--- Exercise requirements ---
Retype all the entries word for word, but omit the pictures.

--- Web page caption snippets ---
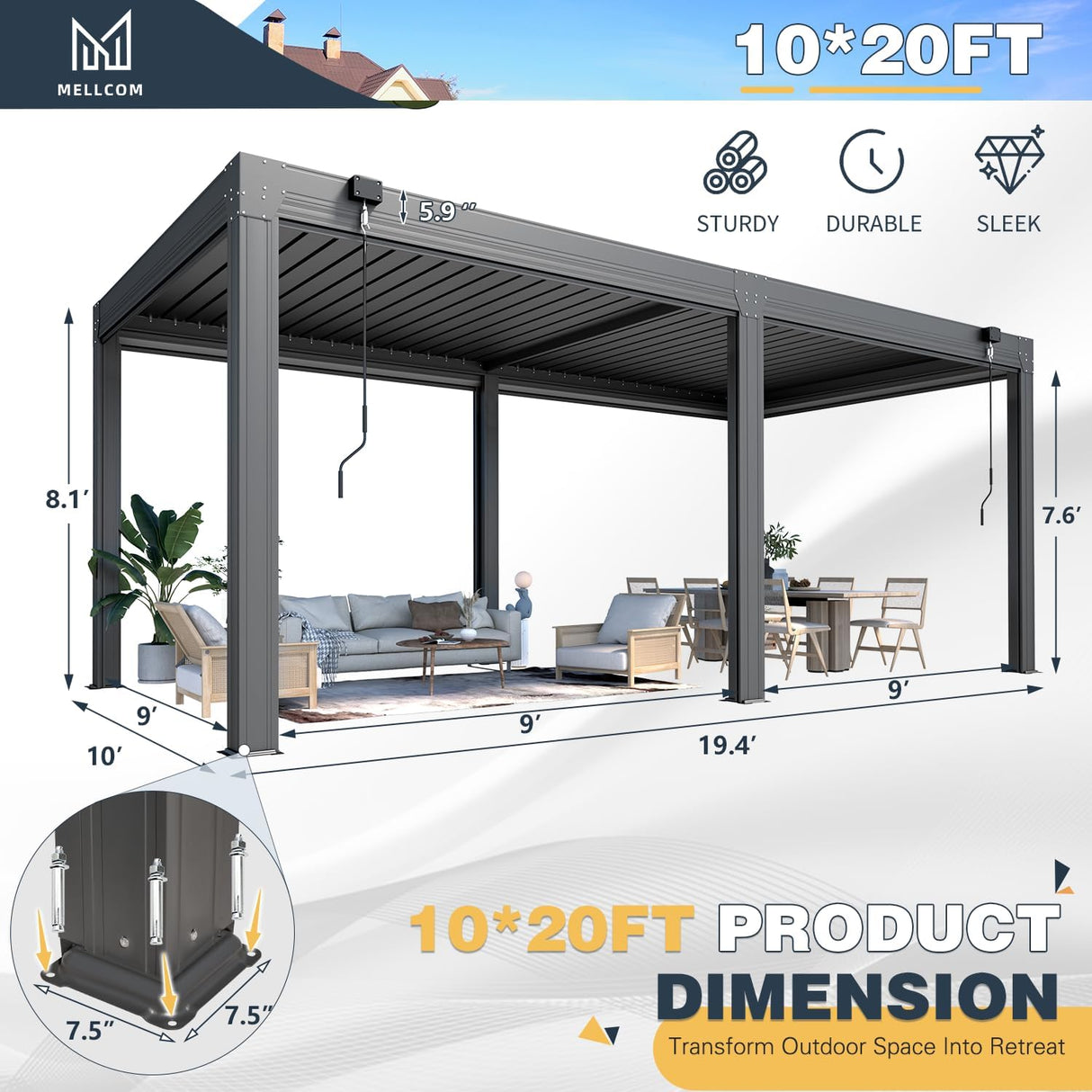 MELLCOM 10x20FT Louvered Pergola with 6 Pull-Down Screens, Aluminum Pergola with Adjustable Rainproof, Dark Gray MELLCOM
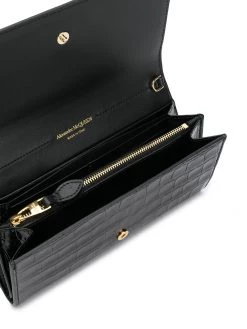 Alexander McQueen crinkled leather clutch bag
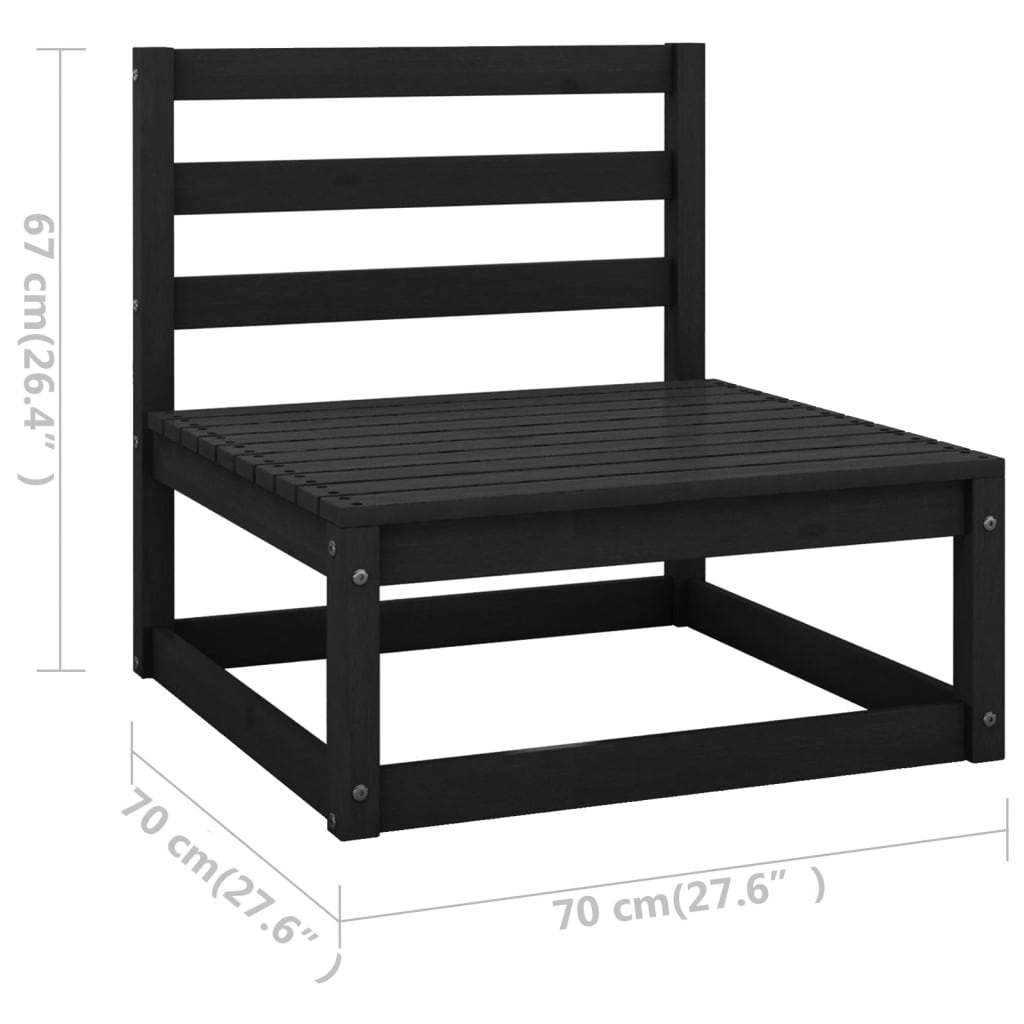 Garden 4-Seater Sofa Black Solid Pinewood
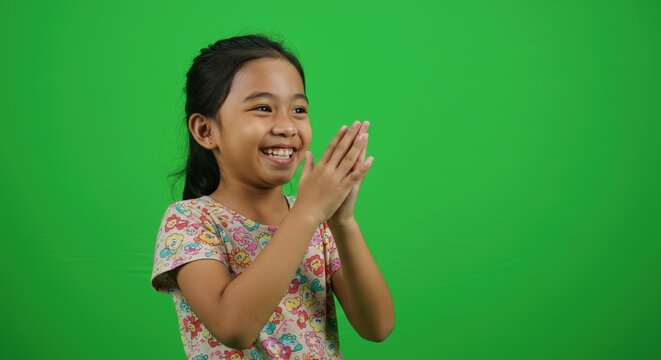 A joyful girl with hands clasped, ideal for promoting positive branding, children’s products, or educational content on websites.
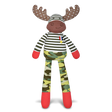 Organic plush moose toy with striped shirt, camouflage pants, and polka-dot antlers, safe and hypoallergenic for all ages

--- Response to this exercise ---
 MELLCOM 10x20FT Louvered Pergola with 6 Pull-Down Screens, Aluminum Pergola with Adjustable Rainproof, Dark Gray MELLCOM
 Alexander McQueen crinkled leather clutch bag
 Garden 4-Seater Sofa Black Solid Pinewood
 A joyful girl with hands clasped, ideal for promoting positive branding, children’s products, or educational content on websites.
 Organic plush moose toy with striped shirt, camouflage pants, and polka-dot antlers, safe and hypoallergenic for all ages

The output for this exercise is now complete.